News / Europe

Berlusconi to Resign After Economic Reforms

Italian Prime Minister Silvio Berlusconi, left, holds League North Party leader Umberto Bossi's hand during a finance vote at the parliament in Rome, November 8, 2011.
Italian Prime Minister Silvio Berlusconi, left, holds League North Party leader Umberto Bossi's hand during a finance vote at the parliament in Rome, November 8, 2011.

Italian Prime Minister Silvio Berlusconi is to resign after parliament passes crucial economic reforms aimed at stabilizing Italy's economy.

Italian President Giorgio Napolitano made the announcement just hours after Berlusconi won a crucial budget vote in parliament on Tuesday, but lost the support of a majority of lawmakers for his weakened government.

While 308 lawmakers voted in favor of the budget bill, another 321 lawmakers abstained. No-one voted against.

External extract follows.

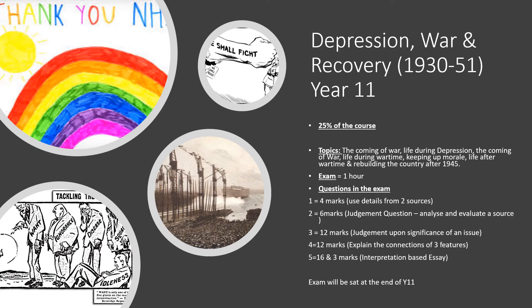In Year 11 you will sit the Depression War and Recovery exam. This is also an interesting topic, a mixture of source-based and essay-based questions.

That meant that Berlusconi failed to gather the 316 votes necessary to have a majority of the parliament back his economic reforms.

Italy is the third largest economy in the Eurozone and the seventh largest in the world. But it faces potential economic crisis caused by a ballooning public debt.

The vote had been seen as a test of confidence in his political leadership.

After more than half the parliament refused to vote, the opposition immediately called for Berlusconi to step down.

His resignation would end a long, and at times, tumultuous political career.

The debt crisis sweeping the Eurozone has put pressure on Berlusconi's government to move quickly to enact unpopular reforms to protect the Italian economy.

Italy has been hampered by a weak government and debts that are considered too large for its European partners to bail out.

But Emiliano Alessandri of the German Marshall Fund in the United States, says even if Berlusconi left office, Italy's problems would remain.

Alessandri says, "the idea that Italy's structural problems will be solved by his demise alone is wishful."

Some information for this report was provided by AP, AFP and Reuters.